Tasks call xcom_pull() to retrieve XComs, optionally applying filters based on criteria like key, source task_ids, and source dag_id. By default, xcom_pull() filters for the keys that are automatically given to XComs when they are pushed by being returned from execute functions (as opposed to XComs that are pushed manually).

If xcom_pull is passed a single string for task_ids, then the most recent XCom value from that task is returned; if a list of task_ids is passed, then a correpsonding list of XCom values is returned.

# inside a PythonOperator called 'pushing_task'
def push_function():
    return value

# inside another PythonOperator where provide_context=True
def pull_function(**context):
    value = context['task_instance'].xcom_pull(task_ids='pushing_task')

It is also possible to pull XCom directly in a template, here's an example of what this may look like:

SELECT * FROM {{ task_instance.xcom_pull(task_ids='foo', key='table_name') }}

Note that XComs are similar to Variables, but are specifically designed for inter-task communication rather than global settings.

Variables

Variables are a generic way to store and retrieve arbitrary content or settings as a simple key value store within Airflow. Variables can be listed, created, updated and deleted from the UI (Admin -> Variables) or from code. While your pipeline code definition and most of your constants and variables should be defined in code and stored in source control, it can be useful to have some variables or configuration items accessible and modifiable through the UI.

from airflow.models import Variable
foo = Variable.get("foo")
bar = Variable.get("bar", deserialize_json=True)

The second call assumes json content and will be deserialized into bar. Note that Variable is a sqlalchemy model and can be used as such.

Branching

Sometimes you need a workflow to branch, or only go down a certain path based on an arbitrary condition which is typically related to something that happened in an upstream task. One way to do this is by using the BranchPythonOperator.

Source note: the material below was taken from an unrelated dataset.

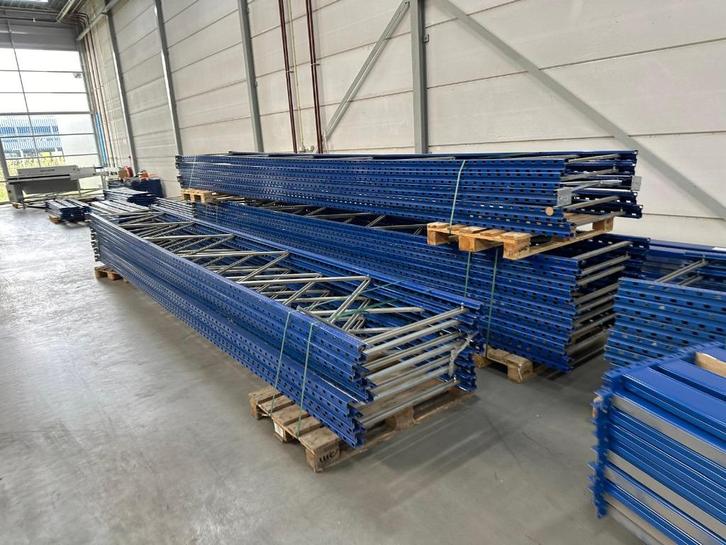 Partij Nimar gebruikte palletstelling stelling te koop!, Zakelijke goederen, Kantoor en Winkelinrichting | Magazijn, Stelling en Opslag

The BranchPythonOperator is much like the PythonOperator except that it expects a python_callable that returns a task_id. The task_id returned is followed, and all of the other paths are skipped. The task_id returned by the Python function has to be referencing a task directly downstream from the BranchPythonOperator task.

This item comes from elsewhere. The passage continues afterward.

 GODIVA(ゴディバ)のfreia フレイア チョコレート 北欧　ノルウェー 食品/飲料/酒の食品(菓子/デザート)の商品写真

Note that using tasks with depends_on_past=True downstream from BranchPythonOperator is logically unsound as skipped status will invariably lead to block tasks that depend on their past successes. skipped states propagates where all directly upstream tasks are skipped.

SLAs

Service Level Agreements, or time by which a task or DAG should have succeeded, can be set at a task level as a timedelta. If one or many instances have not succeeded by that time, an alert email is sent detailing the list of tasks that missed their SLA. The event is also recorded in the database and made available in the web UI under Browse->Missed SLAs where events can be analyzed and documented.

Trigger Rules

Though the normal workflow behavior is to trigger tasks when all their directly upstream tasks have succeeded, Airflow allows for more complex dependency settings.

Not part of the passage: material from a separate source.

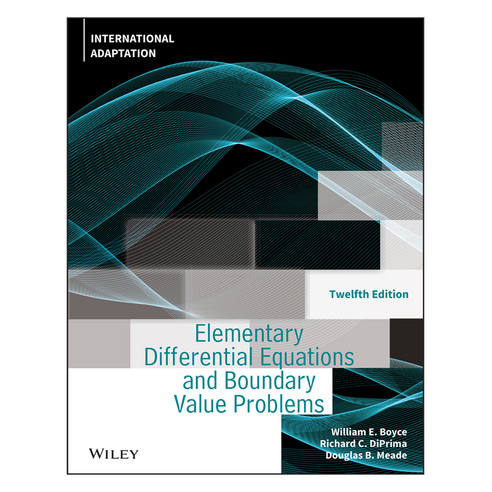 Elementary Differential Equations and Boundary Value Problems ...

All operators have a trigger_rule argument which defines the rule by which the generated task get triggered. The default value for trigger_rule is all_success and can be defined as "trigger this task when all directly upstream tasks have succeeded". All other rules described here are based on direct parent tasks and are values that can be passed to any operator while creating tasks:

  • all_success: (default) all parents have succeeded
  • all_failed: all parents are in a failed or upstream_failed state
  • all_done: all parents are done with their execution
  • one_failed: fires as soon as at least one parent has failed, it does not wait for all parents to be done
  • one_success: fires as soon as at least one parent succeeds, it does not wait for all parents to be done
  • dummy: dependencies are just for show, trigger at will

Note that these can be used in conjunction with depends_on_past (boolean) that, when set to True, keeps a task from getting triggered if the previous schedule for the task hasn't succeeded.